De la compensation des retours avec les ventes facturées
Dans le milieu de la distribution de biens culturels (livres, disques, vidéo), il est d’usage d’accepter les retours et donc, pour les distributeurs, d’appliquer des provisions pour retours dans leurs relations avec les éditeurs.
Cette pratique conduit naturellement à donner aux facturations et avoirs un caractère provisoire, qui ne manque pas de poser problème en cas de dépôt de bilan de l’un des maillons de la chaine.
En l’espèce, la Cour d’appel de Paris a eu à connaitre d’un contentieux opposant une banque, cessionnaire de la facture émise par un éditeur de vidéo, quelques mois avant son dépôt de bilan, à son distributeur ; conformément au contrat de distribution, cette facture correspondait aux ventes comptabilisées d’un mois diminuées d’une provision pour retour de 15%.
En l’espèce, la banque, qui avait notifié la cession de créances au distributeur s’est retournée contre lui afin d’obtenir le paiement de la créance cédée. Le distributeur a opposé les avoirs, datés du même jour que la facture, tenant compte d’un taux de retour provisionnel porté de 15% à 75%, compte tenu du taux de retour d’invendus constaté au cours des précédents mois.
Le tribunal constatant que ces avoirs avaient été en réalité établis trois mois plus tard avait condamné le distributeur au paiement du montant de la facture cédée.
En appel, la Cour retient que si le client de la banque ne peut, sans son accord, modifier l’étendue des droits attachés aux créances représentées par le bordereau, le débiteur cédé peut opposer au cessionnaire la compensation de sa dette avec celle, connexe, qui résulte de l’inexécution des obligations contractées à son égard par le cédant, « peu important que la créance invoquée par le débiteur cédé ne soit née que postérieurement à la cession et même à sa notification ».
En l’espèce les créances réciproques relèvent d’un ensemble contractuel unique aux termes duquel le chiffre d’affaires reversé par le distributeur à l’éditeur vidéo se calcule déduction faite des avoirs accordés sur les retours client. L’émission d’un avoir correspondant à un surplus de retours par rapport à la provision pratiquée ne constitue donc pas une modification qui serait inopposable à la banque mais une exacte application du contrat de distribution.

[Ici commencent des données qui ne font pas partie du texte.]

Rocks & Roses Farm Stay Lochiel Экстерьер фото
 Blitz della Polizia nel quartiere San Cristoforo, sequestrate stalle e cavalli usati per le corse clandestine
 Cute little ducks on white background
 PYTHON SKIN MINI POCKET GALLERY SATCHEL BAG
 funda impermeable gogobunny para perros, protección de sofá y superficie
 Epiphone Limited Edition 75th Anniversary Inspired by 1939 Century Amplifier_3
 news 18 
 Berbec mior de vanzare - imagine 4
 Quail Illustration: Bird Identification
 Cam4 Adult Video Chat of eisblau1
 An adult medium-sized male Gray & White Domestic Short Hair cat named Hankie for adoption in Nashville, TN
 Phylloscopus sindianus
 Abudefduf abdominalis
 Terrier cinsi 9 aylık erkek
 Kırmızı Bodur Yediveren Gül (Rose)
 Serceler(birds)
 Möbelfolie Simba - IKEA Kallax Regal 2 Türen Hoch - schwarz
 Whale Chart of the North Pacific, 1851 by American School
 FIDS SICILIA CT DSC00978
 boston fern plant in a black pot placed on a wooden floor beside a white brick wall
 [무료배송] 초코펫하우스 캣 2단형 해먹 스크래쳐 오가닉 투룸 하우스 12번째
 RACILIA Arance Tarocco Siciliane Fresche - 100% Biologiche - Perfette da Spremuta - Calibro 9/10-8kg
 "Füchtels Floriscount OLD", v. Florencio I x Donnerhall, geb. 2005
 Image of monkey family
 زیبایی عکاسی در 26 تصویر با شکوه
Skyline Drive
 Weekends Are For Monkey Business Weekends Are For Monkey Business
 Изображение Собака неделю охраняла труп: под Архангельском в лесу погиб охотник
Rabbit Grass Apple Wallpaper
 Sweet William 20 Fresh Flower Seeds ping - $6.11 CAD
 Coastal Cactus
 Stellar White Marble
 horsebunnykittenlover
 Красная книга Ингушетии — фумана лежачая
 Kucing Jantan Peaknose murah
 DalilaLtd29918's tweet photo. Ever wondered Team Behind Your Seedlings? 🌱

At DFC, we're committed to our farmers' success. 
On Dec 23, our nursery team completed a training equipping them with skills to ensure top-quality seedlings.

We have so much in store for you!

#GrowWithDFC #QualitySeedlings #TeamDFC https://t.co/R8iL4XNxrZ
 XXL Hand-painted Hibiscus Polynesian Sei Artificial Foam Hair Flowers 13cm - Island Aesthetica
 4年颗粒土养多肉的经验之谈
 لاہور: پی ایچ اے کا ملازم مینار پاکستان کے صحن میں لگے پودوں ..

La Cour condamne toutefois le distributeur au paiement d’une partie de la créance après avoir constaté que l’avoir établi prenait en compte le chiffre d’affaires des mois suivants celui dont la cession avait été consentie à la banque, ceci conduisant à modifier la créance cédée qui portait sur le chiffre d’affaires net du mois.
L’on retiendra donc que si la compensation entre créances connexes est admise même pour les créances postérieures, sans exiger qu’elles soient certaines, liquides et exigibles, la cession de créance professionnelle à une banque, même en l’absence d’acceptation, peut limiter la faculté de compensation entre ventes et retours.